▶ WHAT IS NEEDED
Copy out exactly the lines below that run from the one holding "Bó hoa cưới sen xanh cầm tay cô dâu" to the one holding "Azerbaijani troops march", keeping both of those lines and no others.
RECORD EXTRACTS below:
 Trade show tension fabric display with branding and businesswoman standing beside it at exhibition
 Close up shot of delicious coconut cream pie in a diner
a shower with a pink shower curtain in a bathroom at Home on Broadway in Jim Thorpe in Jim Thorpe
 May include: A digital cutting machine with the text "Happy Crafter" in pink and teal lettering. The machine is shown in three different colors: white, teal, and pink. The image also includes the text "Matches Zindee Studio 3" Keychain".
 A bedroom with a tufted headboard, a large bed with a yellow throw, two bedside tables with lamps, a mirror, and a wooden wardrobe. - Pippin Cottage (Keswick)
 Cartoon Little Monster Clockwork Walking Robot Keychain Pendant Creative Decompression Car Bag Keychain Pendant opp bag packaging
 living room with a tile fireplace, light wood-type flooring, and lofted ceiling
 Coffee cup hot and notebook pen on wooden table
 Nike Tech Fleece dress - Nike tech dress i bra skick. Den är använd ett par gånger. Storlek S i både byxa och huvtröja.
End of RECORD EXTRACTS.
RECORD EXTRACTS below:
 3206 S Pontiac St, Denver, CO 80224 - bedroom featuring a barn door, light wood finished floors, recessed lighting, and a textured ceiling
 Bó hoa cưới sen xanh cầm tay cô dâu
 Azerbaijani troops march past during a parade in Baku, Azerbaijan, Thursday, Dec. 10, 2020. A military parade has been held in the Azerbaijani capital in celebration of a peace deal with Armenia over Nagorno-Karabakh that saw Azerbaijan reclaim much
End of RECORD EXTRACTS.
RECORD EXTRACTS below:
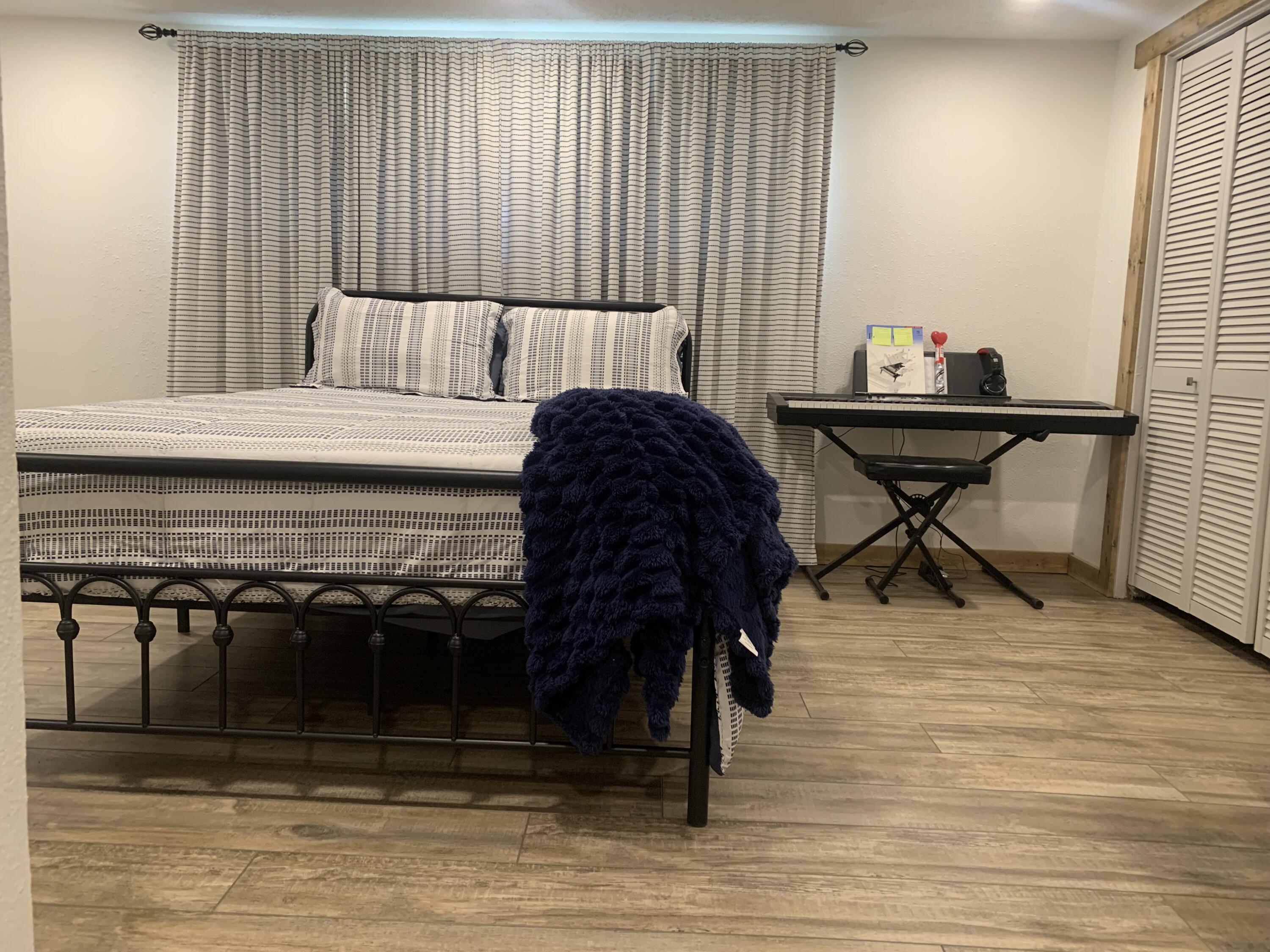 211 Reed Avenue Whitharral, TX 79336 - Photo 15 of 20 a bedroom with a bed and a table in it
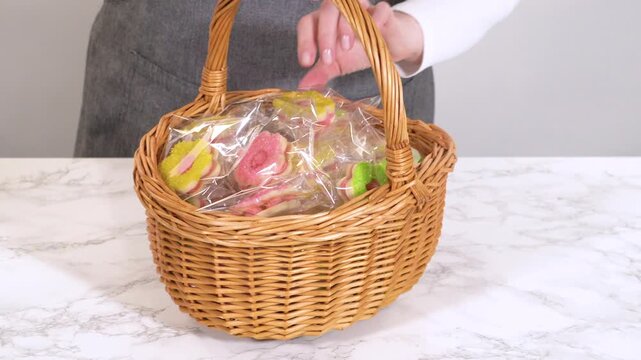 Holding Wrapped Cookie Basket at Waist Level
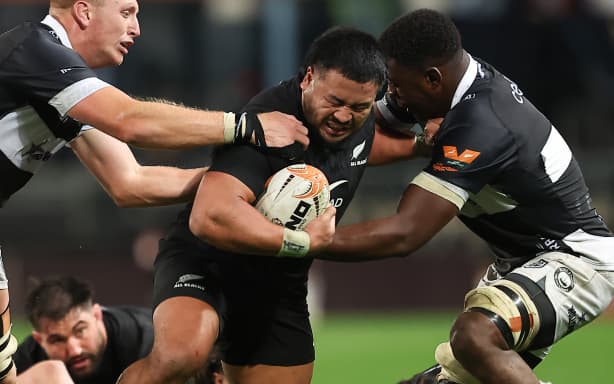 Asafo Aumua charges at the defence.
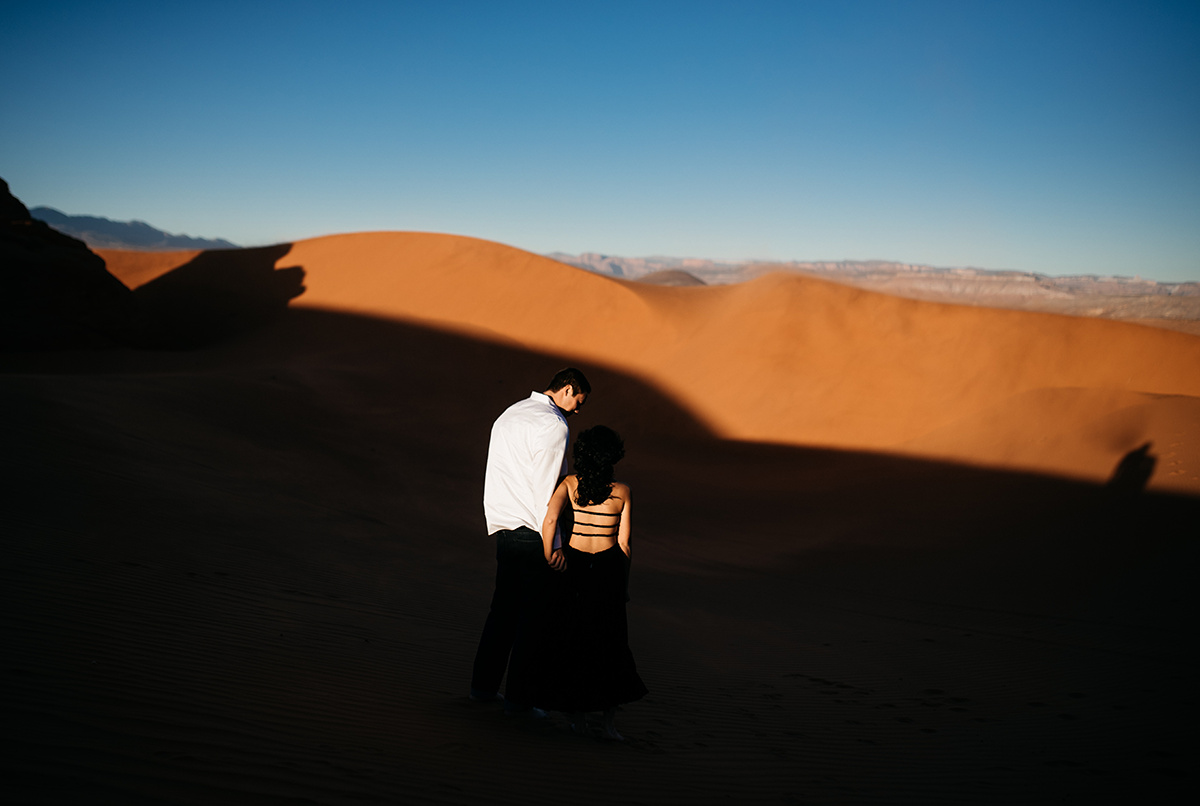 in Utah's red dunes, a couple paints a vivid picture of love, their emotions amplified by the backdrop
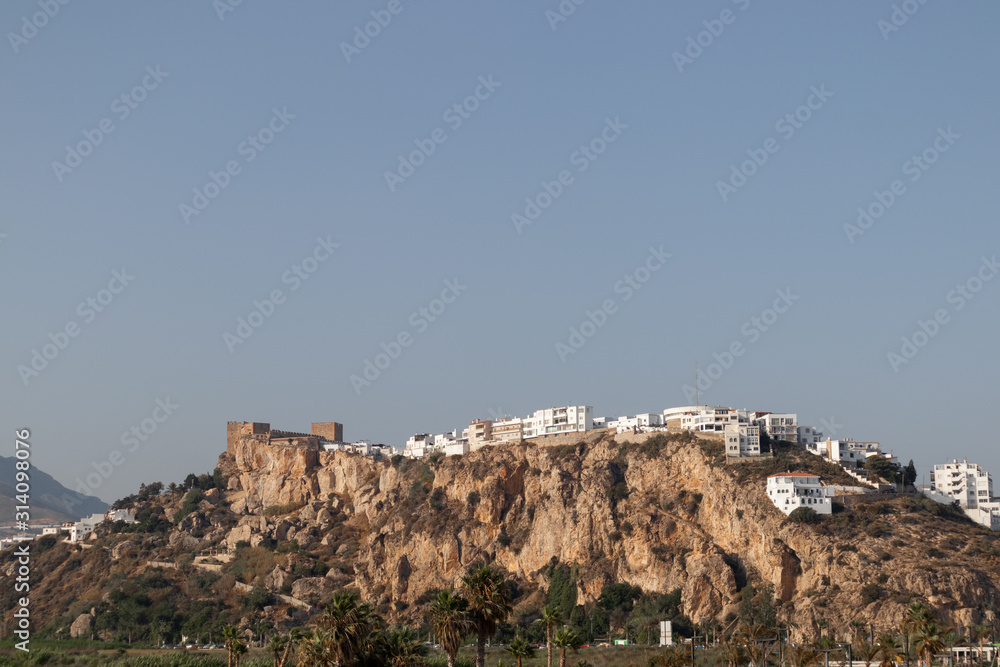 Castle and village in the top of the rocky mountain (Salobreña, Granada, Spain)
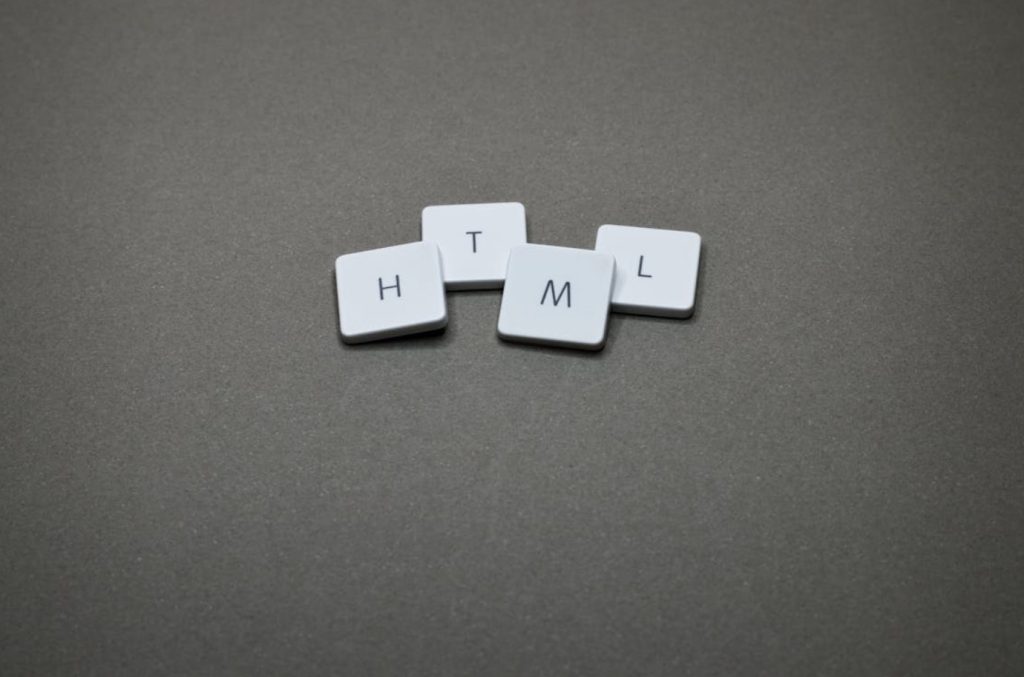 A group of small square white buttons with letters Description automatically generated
End of RECORD EXTRACTS.
▶ YOUR RESPONSE
 Bó hoa cưới sen xanh cầm tay cô dâu
 Azerbaijani troops march past during a parade in Baku, Azerbaijan, Thursday, Dec. 10, 2020. A military parade has been held in the Azerbaijani capital in celebration of a peace deal with Armenia over Nagorno-Karabakh that saw Azerbaijan reclaim much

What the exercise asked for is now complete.